Ditinjau dari Sisi Ilmiah, Fenomena Bentukan Awan Hanyalah Kebetulan
Redaktur: Muhsin E Bijo Dirajo
“Jenis awan tinggi merupakan uap air yang menguap akibat suhu panas dan mengembun kemudian terbentuk dan menjadi awan pada ketinggian di atas 20.000 kaki di atas permukaan laut,” ucapnya.
Kelompok jenis jenis awan yang tergolong awan tinggi tidak serta merta terbentuk di atas ketinggian yang tersebut. Namun, bergantung pada wilayah dengan suhu dan iklim tertentu. Jenis jenis awan tinggi ini akan terbentuk dan menjadi awan pada ketinggian berkisar antara 6 – 18 km DPL untuk iklim tropis, 5 – 13 km DPL pada iklim sedang dan pada 3 – 8 KM DPL pada wilayah yang bersuhu dan beriklim rendah seperti wilayah kutub.
“Fenomena alam ini merupakan suatu hal yang biasa dan dapat terjadi dimanapun dan kapan pun. Awan yang ramai dibicarakan itu adalah awan Cirrocumulus. Dan di Indonesia, awan yang mengandung banyak partikel es ini merupakan penanda musim kemarau,” papar Erma saat dikonfirmasi terkait bentukan awan yang ramai dibicarakan.
Peneliti Petir dan Atmosfer Deni Septiadi menyatakan secara ilmiah bentuk awan merupakan suatu hal kebetulan belaka.
“Bentuk awan dipengaruhi oleh banyak faktor salah satunya angin di atas permukaan.
Pembentukan awan sebagai penanda kuatnya konvektif. Itu saja,” ujarnya saat dihubungi terpisah.

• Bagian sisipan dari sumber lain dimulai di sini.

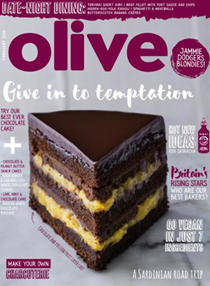 Olive Magazine, February 2018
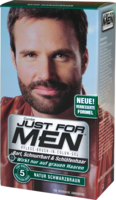 JUST for men Brush in Color Gel schwarzbraun - 28.4ml - Zur Tönung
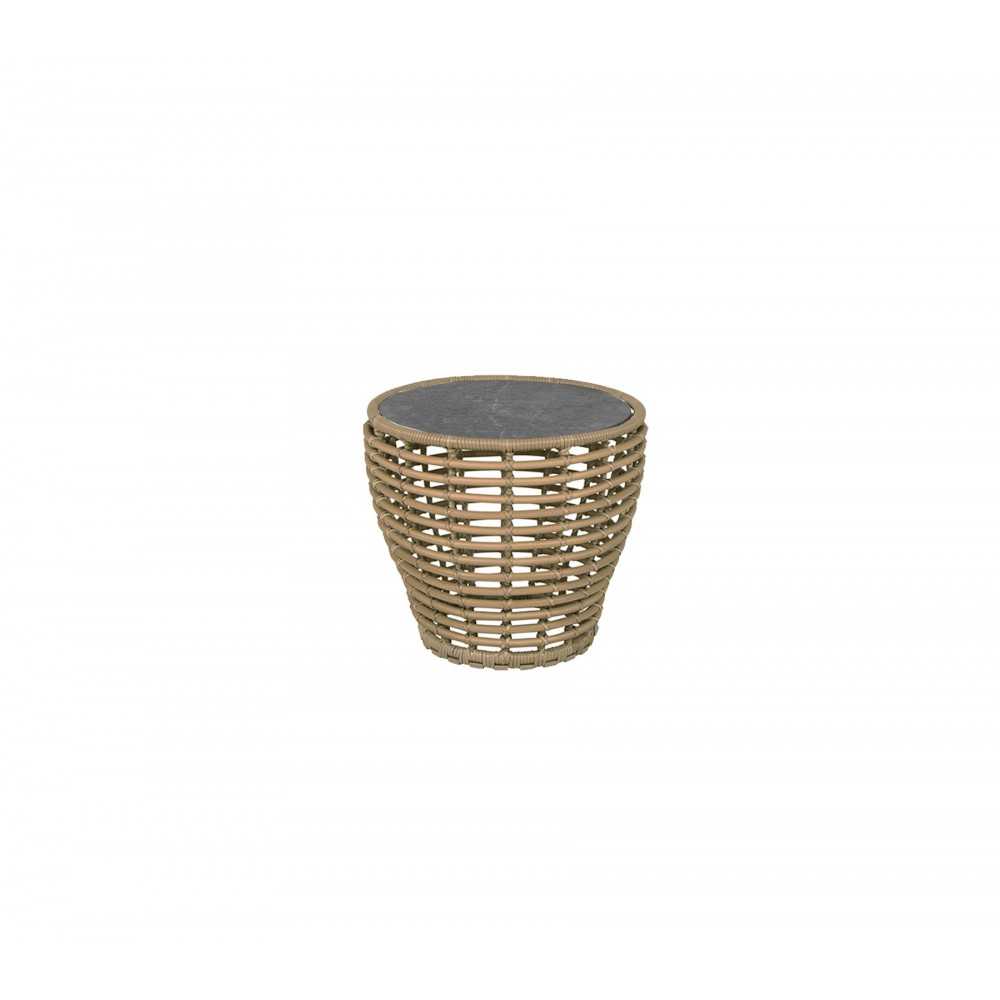 Cane-line Basket coffee table base ONLY small, 53200U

Ia menjelaskan bahwa proses konvektif awan ini adalah proses pembentukan awan melalui proses konveksi akibat pemanasan radiasi Matahari.
“Maksudnya, sebelum tumbuh awan, proses awalnya ada radiasi Matahari masuk ke Bumi. Proses akan membuka aliran udara ke atas untuk mengangkat partikel-partikel atau aerosol menjadi awan,” pungkasnya.